(Crawled caption data)
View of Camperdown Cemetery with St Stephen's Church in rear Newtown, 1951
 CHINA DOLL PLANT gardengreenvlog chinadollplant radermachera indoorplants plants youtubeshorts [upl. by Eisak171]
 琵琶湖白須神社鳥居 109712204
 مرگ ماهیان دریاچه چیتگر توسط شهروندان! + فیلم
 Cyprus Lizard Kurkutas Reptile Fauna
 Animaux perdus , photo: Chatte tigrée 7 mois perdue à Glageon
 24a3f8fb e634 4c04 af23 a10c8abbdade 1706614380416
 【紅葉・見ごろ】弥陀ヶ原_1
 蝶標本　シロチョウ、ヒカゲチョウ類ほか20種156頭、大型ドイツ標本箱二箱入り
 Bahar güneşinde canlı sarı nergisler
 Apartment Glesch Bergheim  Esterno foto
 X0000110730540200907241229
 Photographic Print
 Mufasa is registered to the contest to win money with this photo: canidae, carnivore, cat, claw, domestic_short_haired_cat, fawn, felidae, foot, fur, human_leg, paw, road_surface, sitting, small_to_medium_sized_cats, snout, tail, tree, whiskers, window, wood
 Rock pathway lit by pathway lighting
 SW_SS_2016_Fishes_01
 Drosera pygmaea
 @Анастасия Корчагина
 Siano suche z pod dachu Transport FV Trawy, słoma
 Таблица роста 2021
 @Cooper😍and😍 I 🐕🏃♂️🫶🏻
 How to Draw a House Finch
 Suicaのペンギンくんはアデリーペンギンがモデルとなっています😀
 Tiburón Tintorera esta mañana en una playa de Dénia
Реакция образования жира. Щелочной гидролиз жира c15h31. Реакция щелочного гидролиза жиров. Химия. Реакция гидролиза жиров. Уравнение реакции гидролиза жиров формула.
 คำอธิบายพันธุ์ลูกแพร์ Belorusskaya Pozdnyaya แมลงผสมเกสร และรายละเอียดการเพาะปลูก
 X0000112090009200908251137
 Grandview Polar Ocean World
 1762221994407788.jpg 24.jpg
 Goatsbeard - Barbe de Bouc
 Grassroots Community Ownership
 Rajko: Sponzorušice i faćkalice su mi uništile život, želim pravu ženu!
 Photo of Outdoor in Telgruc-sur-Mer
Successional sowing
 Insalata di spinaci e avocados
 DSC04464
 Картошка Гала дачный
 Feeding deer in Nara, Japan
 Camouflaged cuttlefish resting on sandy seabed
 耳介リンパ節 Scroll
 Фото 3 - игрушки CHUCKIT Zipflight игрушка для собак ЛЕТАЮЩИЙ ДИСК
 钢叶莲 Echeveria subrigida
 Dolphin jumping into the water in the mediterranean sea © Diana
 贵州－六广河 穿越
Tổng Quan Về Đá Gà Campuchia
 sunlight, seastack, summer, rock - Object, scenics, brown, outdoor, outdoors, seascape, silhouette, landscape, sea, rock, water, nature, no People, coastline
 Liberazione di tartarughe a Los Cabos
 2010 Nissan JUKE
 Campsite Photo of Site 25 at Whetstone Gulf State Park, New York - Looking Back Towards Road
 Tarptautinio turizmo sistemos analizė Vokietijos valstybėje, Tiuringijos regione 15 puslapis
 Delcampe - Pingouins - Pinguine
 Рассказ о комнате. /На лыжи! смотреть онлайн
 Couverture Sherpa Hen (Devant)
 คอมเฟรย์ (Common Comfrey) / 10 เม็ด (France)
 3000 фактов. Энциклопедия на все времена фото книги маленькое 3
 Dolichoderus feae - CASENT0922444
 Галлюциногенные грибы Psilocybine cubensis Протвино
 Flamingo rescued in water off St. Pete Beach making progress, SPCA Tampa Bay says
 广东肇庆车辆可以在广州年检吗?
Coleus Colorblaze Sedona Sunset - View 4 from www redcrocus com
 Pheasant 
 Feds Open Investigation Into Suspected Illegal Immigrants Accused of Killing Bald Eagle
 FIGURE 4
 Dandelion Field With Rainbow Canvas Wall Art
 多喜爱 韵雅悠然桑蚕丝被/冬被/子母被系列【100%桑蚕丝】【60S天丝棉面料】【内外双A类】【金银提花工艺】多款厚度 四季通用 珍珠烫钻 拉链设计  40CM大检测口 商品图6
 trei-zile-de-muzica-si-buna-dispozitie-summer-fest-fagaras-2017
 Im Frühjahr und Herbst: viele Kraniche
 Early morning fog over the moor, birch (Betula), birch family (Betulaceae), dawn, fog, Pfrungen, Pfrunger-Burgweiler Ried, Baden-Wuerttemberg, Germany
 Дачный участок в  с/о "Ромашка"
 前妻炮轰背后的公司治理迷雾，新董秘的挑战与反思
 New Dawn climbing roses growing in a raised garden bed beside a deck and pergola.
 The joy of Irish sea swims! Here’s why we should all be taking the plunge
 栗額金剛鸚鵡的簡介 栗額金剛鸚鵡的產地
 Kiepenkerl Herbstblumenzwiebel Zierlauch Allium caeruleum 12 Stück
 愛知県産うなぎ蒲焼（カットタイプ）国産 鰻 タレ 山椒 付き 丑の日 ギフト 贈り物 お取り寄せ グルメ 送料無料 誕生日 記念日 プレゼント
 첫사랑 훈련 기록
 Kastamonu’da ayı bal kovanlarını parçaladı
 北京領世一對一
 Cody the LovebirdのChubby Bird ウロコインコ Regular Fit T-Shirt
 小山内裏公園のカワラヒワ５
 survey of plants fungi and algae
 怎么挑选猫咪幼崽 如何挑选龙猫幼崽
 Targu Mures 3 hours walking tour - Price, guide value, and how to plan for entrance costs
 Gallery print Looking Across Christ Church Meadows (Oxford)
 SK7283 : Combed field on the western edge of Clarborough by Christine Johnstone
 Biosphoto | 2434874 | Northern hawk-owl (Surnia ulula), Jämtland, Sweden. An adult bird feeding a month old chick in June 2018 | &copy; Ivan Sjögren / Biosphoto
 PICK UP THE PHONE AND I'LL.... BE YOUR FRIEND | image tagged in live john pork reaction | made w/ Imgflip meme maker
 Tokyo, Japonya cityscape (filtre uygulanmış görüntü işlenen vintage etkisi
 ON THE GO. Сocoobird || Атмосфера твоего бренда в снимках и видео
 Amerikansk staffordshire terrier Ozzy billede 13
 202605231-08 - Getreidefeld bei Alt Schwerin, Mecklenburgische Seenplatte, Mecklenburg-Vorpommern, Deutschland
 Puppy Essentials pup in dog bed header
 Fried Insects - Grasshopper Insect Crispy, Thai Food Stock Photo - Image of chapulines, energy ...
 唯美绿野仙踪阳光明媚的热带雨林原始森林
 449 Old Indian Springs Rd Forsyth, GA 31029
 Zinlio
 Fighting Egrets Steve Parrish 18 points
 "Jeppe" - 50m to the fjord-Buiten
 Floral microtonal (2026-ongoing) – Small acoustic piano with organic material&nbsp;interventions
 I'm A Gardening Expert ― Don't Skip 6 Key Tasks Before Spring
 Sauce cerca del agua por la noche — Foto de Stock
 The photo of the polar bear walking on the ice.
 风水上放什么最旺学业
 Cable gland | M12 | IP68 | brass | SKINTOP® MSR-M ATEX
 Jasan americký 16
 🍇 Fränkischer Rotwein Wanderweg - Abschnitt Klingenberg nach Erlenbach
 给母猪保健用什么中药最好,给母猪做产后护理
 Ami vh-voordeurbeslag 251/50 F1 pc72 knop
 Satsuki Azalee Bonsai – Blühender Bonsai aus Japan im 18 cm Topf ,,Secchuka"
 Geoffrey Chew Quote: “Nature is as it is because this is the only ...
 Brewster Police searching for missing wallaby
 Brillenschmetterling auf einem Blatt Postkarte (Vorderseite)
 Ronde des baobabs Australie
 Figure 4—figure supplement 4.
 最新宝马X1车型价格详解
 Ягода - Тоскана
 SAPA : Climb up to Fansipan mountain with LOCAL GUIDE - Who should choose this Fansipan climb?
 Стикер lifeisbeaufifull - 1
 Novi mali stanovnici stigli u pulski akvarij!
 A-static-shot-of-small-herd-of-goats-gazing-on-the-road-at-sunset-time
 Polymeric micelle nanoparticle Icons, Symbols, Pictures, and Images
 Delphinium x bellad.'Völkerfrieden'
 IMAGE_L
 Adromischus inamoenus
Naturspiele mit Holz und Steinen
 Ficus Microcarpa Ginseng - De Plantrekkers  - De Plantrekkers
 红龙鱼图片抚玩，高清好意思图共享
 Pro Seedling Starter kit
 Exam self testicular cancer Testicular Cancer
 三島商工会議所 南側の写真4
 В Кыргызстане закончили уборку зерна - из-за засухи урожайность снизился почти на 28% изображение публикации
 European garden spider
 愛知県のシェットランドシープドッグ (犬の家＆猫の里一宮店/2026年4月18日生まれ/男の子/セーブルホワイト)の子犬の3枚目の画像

Work request:
Above are records; repeat only the lines starting at the line with "مرگ ماهیان دریاچه" and ending at the line with "Photographic Print", exactly as they appear, both included.

Task response:
 مرگ ماهیان دریاچه چیتگر توسط شهروندان! + فیلم
 Cyprus Lizard Kurkutas Reptile Fauna
 Animaux perdus , photo: Chatte tigrée 7 mois perdue à Glageon
 24a3f8fb e634 4c04 af23 a10c8abbdade 1706614380416
 【紅葉・見ごろ】弥陀ヶ原_1
 蝶標本　シロチョウ、ヒカゲチョウ類ほか20種156頭、大型ドイツ標本箱二箱入り
 Bahar güneşinde canlı sarı nergisler
 Apartment Glesch Bergheim  Esterno foto
 X0000110730540200907241229
 Photographic Print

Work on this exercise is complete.